And CNN. CNN is like all Trump all the time. All Trump all the time. You walk out of an interview and you say, ‘that was a good interview’ and then you get killed for the rest of the weekend. So they are so biased toward Crooked Hillary. You know they call it: CNN, Clinton News Network. CNN. Clinton News Network. Totally dishonest. But hopefully a lot of people aren’t watching it.”
What is not reported in this particular account is the roar that went up from the crowd when Trump launched into his media attack. It was thunderous — signs waving, people yelling, many turning around to yell in the direction of the all the cameras and press that were lining the risers in the back of the gym. It was quite the sight, and a reminder of the very real divide between the New York/Washington axis of journalism and average Americans who believe in their bones that the media has it out for Trump — and by extension for them as well.
In an hour-long speech there was no teleprompter, a reminder of just how good Trump is at speaking off the cuff. Sitting behind him and to his right in a front row seat I had a perfect eye-view of the podium. The only time he referred to a piece of paper was when he began discussing the jobs lost in Pennsylvania and connecting this to trade deals. It is no accident that his discussion of trade deals drew a response from the audience. Pennsylvania has a long history as a manufacturing state. As Trump discussed the issue, someone in the crowd yelled out “Hershey!” — and Trump knew exactly what they were talking about. For those coming in late on this issue, here’s a report from USA Today in 2007:
Candy maker Hershey to cut jobs, send some manufacturing to Mexico
HERSHEY, Pa. (AP) — Hershey (HSY) is cutting 1,500 jobs over three years as part of a plan to scale back production and move some manufacturing to Mexico, the candy maker announced Thursday.
… The company said it will outsource production of low value-added items and also plans to build a plant in Monterrey, Mexico to meet growing demand in that country.
As with the move to Mexico by Indiana’s Carrier Air Conditioning — which Trump repeatedly cites when discussing trade issues — trade is an issue that hits home with Pennsylvanians, as it clearly did when Trump raised the issue in Mechanicsburg. “Your companies are all gone, your companies are all gone,” he remarked as the crowd applauded his point. “We love you Donald!” yelled a male voice out the crowd. “And I love you too!” Trump broke off to respond with a grin as the crowd cheered.
In addition to trade Trump ran the litany of issues — repealing Obamacare was mentioned.
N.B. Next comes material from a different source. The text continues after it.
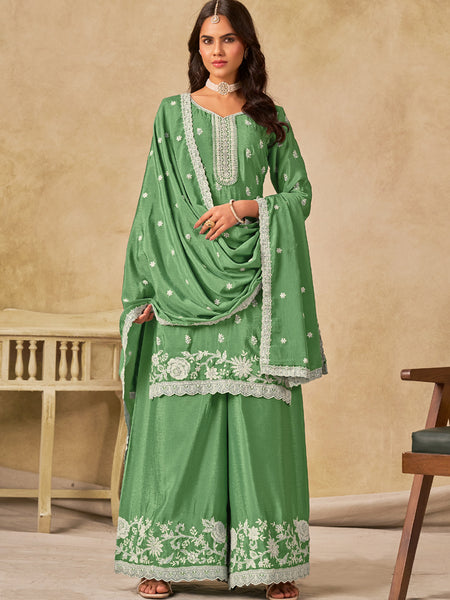 Parrot Green Chinon Silk Embroidered Designer Palazzo Suit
And, but of course, “build the wall” — the chant from the crowd overwhelming and now virtually a set piece of Trump rallies with the candidate grinning broadly as the audience takes the cue when he mentions the issue.
What other applause lines were there for Trump? Wages, Bernie Sanders caving to Hillary at the Democratic Convention. (“He made a deal with the devil. She’s the devil.”) Tim Kaine drew boos when Trump threw the spotlight on a Kaine tax increase as Governor of Virginia. A reference to NATO countries needing to pay their share of NATO expenses was cheered.
But what was particularly notable was the enthusiasm — and the contrast to the Hillary Clinton rally only days before was stark. In Pennsylvania this has a particularly potent meaning. Any Republican running for president (or any statewide office) has two challenges: make as many inroads as possible into Democratic Philadelphia to keep the vote total low, while at the same time running up the score in more Republican or conservative areas of the state. The problem is in reverse for Democrats. But the key in both cases is the obvious (aside from organization). That would be — enthusiasm for the candidate.
This explains why former Democratic Governor Ed Rendell told Philadelphia radio host Rich Zeoli of Talk Radio 1210 WPHT this:
“This state is in play. Anybody who thinks that it isn’t is crazy. I remember I was literally screaming on the phone with the Obama campaign to bring the President back in. We finally got him in for one last day in Pittsburgh. He didn’t come back in in Philadelphia and we went from winning this city by about 12 points in 2008 to winning the… region by about five points. They’ve got to take Pennsylvania seriously this time. It’s very hard for Democrats to win without Pennsylvania. If you lose Pennsylvania, it puts a priority on winning either Ohio or Florida.”
Dr. Terry Madonna, who runs the prestigious Franklin and Marshall poll (and yes, I am an F&M alum but the poll really is prestigious!), says of the question of whether Trump can be the first GOP nominee to win the state since 1988: “The answer is a surprisingly emphatic ‘yes.’”
Based on the two dueling rallies that took place mere miles apart from each other right here in the Harrisburg area over the last couple of nights? With a few hundred Pennsylvanians turning out for Hillary and literally thousands for Trump?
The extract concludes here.